= PROBLEM DESCRIPTION =
Which lines of the entries below run from the one holding "K-Pop Grubu Sahne Performansı Duvar Kağıdı" to the one holding "nikon fa，Nikon Ai", inclusive? Set down exactly those lines and no others.

= INPUT RECORDS =
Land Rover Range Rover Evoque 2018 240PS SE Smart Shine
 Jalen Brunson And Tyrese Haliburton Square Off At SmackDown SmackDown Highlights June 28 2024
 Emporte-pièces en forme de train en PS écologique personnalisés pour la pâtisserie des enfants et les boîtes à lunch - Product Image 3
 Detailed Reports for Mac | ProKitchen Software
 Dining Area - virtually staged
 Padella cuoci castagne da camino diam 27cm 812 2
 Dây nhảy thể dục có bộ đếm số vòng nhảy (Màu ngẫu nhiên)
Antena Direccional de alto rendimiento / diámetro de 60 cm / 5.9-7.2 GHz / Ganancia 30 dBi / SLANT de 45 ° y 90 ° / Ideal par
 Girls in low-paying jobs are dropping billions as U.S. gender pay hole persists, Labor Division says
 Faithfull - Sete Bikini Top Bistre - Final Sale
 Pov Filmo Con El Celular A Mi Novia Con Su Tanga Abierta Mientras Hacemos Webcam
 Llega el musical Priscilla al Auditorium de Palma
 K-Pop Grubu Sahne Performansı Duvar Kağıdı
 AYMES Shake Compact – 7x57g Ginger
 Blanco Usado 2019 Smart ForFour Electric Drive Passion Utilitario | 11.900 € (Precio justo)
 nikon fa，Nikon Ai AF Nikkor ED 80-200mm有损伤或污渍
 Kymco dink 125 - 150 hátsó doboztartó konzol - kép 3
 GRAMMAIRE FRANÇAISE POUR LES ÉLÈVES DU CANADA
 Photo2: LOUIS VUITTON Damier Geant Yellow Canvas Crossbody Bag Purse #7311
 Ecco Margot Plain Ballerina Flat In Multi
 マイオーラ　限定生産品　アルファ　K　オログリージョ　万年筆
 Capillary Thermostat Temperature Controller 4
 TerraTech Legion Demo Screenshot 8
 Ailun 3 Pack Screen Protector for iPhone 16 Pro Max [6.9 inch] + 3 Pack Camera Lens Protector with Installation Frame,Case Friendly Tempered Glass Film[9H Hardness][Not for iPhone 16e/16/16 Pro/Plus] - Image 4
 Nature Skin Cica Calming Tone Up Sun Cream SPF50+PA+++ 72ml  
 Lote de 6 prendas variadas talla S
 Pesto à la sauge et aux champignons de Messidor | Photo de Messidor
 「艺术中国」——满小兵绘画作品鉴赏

= REPLY =
 K-Pop Grubu Sahne Performansı Duvar Kağıdı
 AYMES Shake Compact – 7x57g Ginger
 Blanco Usado 2019 Smart ForFour Electric Drive Passion Utilitario | 11.900 € (Precio justo)
 nikon fa，Nikon Ai AF Nikkor ED 80-200mm有损伤或污渍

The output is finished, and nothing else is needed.